Le Mur de la discorde
J’avais l’intention de consacrer cette chronique hebdomadaire à certaines réactions suscitées par mes propos jugés utopistes de la semaine dernière sur la teshouva (repentance) de l’Allemagne à la « lumière » du fameux documentaire d’Arte sur l’antisémitisme en Europe finalement diffusé le 21 juin dernier. Je le ferai la semaine prochaine, car c’est trop important.
En attendant, je ne me suis pas senti le droit d’ignorer une autre actualité brûlante qui concerne le statut du Kotel, le Mur occidental du Temple de Jérusalem, lieu le plus sacré du peuple juif dont ce vestige est, depuis deux mille ans, l’emblème de son histoire.
Que s’est-il passé ? Un petit rappel s’impose.
Depuis de nombreuses années, les courants non orthodoxes du judaïsme demandaient qu’un lieu leur fût attribué où femmes et hommes pourraient prier côte à côte et lire dans les rouleaux de la Torah sans distinction de sexe.
Après bien des tribulations dues à l’opposition radicale des partis politiques religieux (tous orthodoxes), un accord avait été obtenu en janvier 2016 aux termes duquel, une plate-forme au pied du kotel, mais à un autre endroit que celui que tout le monde connaît, et où femmes et hommes sont séparés par une mehitsa (séparation), serait aménagée. Notons au passage qu’en l’espèce, ce terme de mehitsa est abusif dans la mesure où il suppose une division en deux parts égales (la racine חצה donnant le mot חצי qui signifie « moitié ») : sur la grande esplanade devant le Mur, il est aisé de voir l’inégalité d’espace attribué aux hommes par rapport à celui des femmes.
À l’époque où la décision du gouvernement de M. Netanyahu avait imposé la solution d’un espace mixte, la joie avait déferlé chez les Juifs réformés et massortis du monde entier de même que chez les Juifs épris d’ouverture non affiliés à ces mouvements.

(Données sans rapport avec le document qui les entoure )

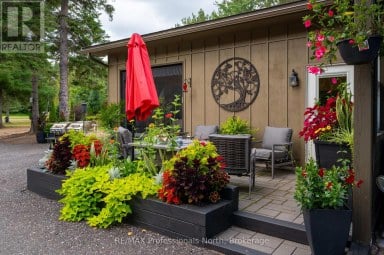 1050 OXTONGUE LAKE ROAD Algonquin Highlands (McClintock) Ontario photo 14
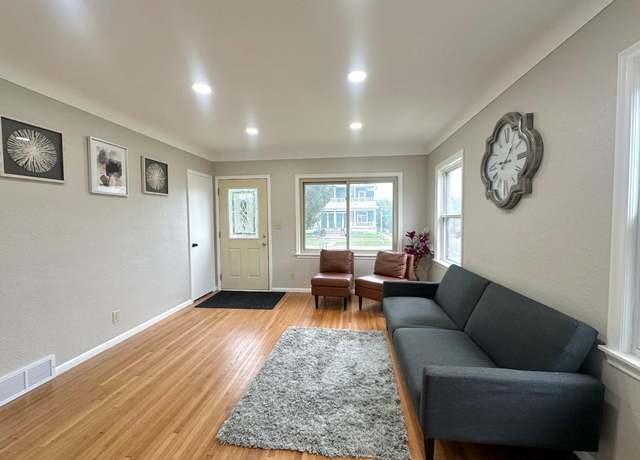 Property at 800 Charles Ave, Saint Paul, MN 55104, 4 beds, 2 baths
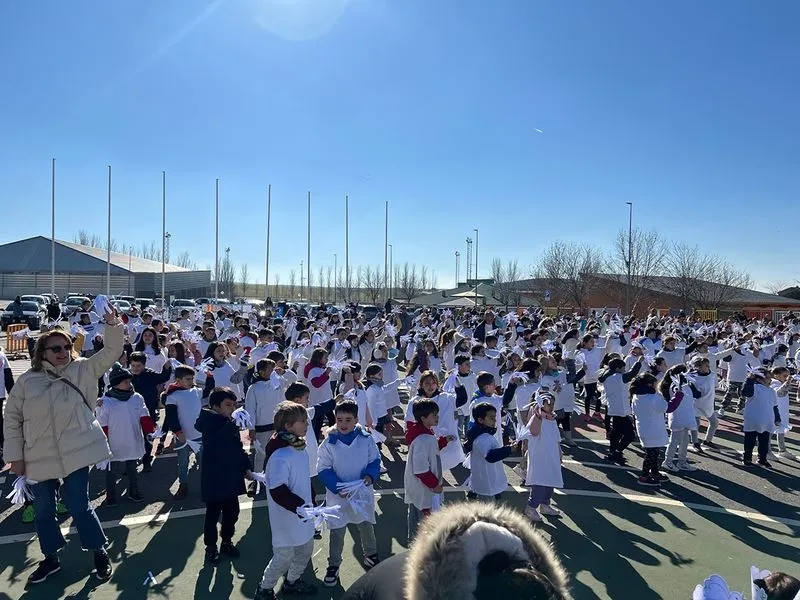 Casi 700 escolares de Carbajosa se unen para celebrar el Día de la Paz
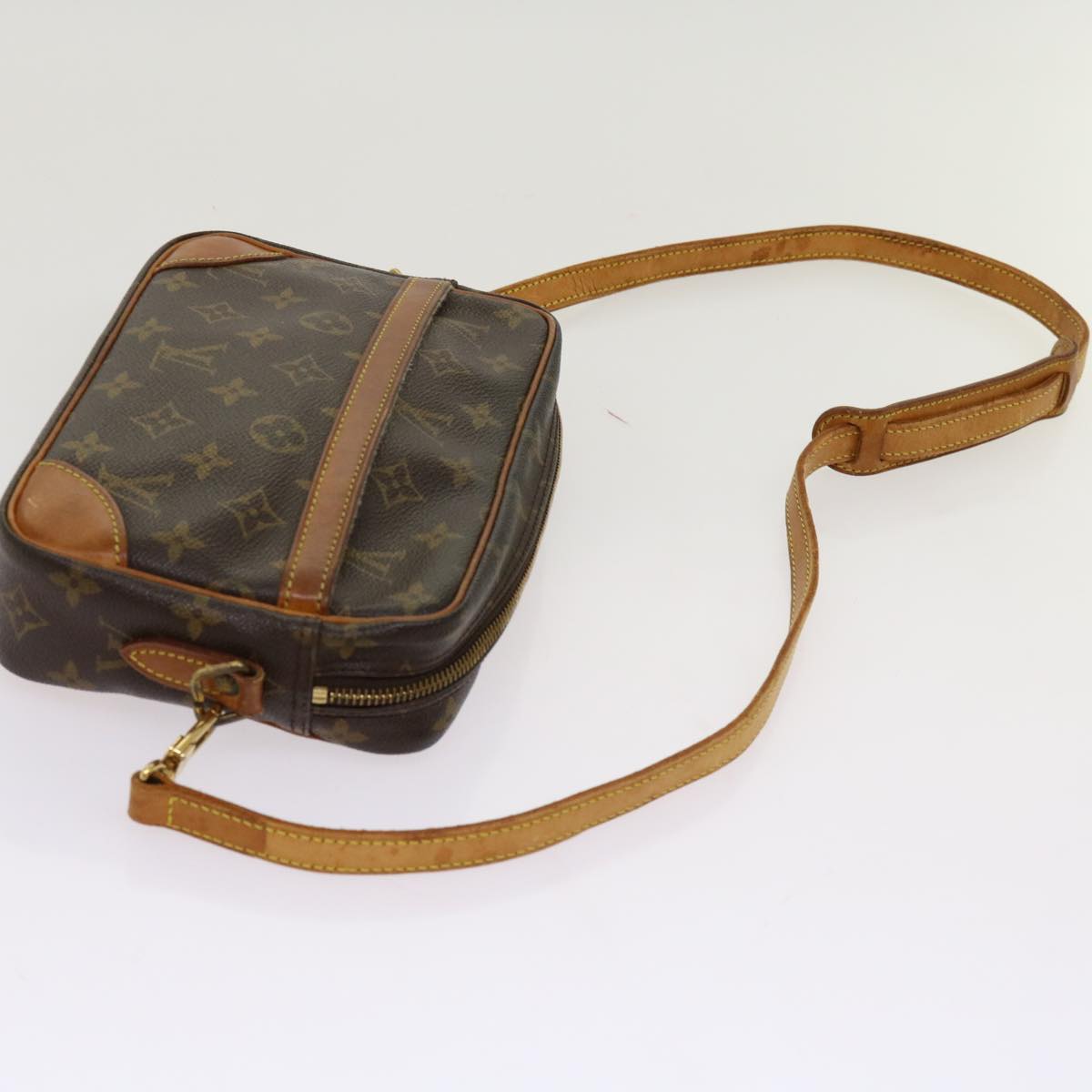 LOUIS VUITTON Monogram Trocadero 23 Shoulder Bag M51276 LV Auth 69711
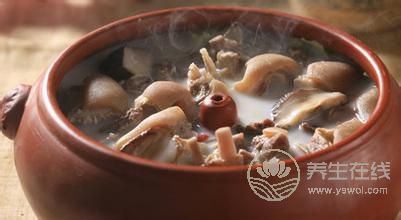 1羊肉爐+胡椒粉易上火?答案正好相反! 1羊肉爐+胡椒粉易上火?答案正好相反!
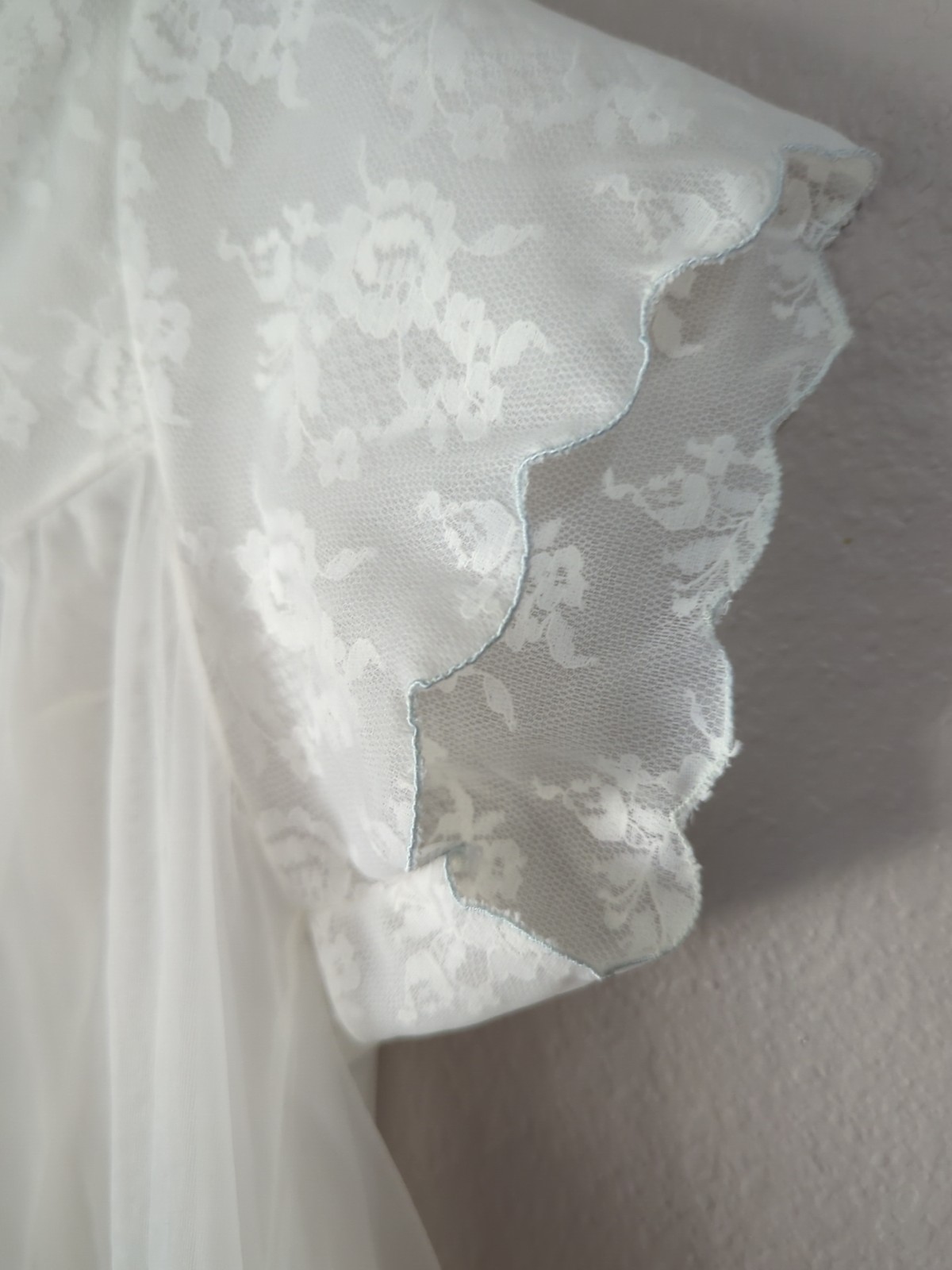 Vintage Radcliffe Sheer White pretty Boudoir Nightgown Peignoir Robe – Sz Petite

Du côté des ultra-orthodoxes, les critiques avaient été vives, voire injurieuses vis-à-vis des mouvements religieux non orthodoxes. Benjamin Netanyahu y avait mis un terme de façon très ferme. Je citais ses propos dans ma Lettre n° 279 du 4 février 2016 : « Heureusement, le Premier ministre a coupé court à ces discours indignes d’une véritable démocratie. Il a notamment déclaré : ‘Je rejette les récentes remarques désobligeantes et clivantes des ministres et des membres de la Knesset sur les juifs réformés. Les juifs réformés et conservateurs font partie à part entière du peuple juif et doivent être traités avec respect’. Il a ajouté : ‘Le gouvernement a approuvé cette semaine un compromis historique qui assure que le mur Occidental continuera à être une source d’unité et d’inspiration pour tout le peuple juif. C’est la politique du gouvernement. C’est ma politique.’ »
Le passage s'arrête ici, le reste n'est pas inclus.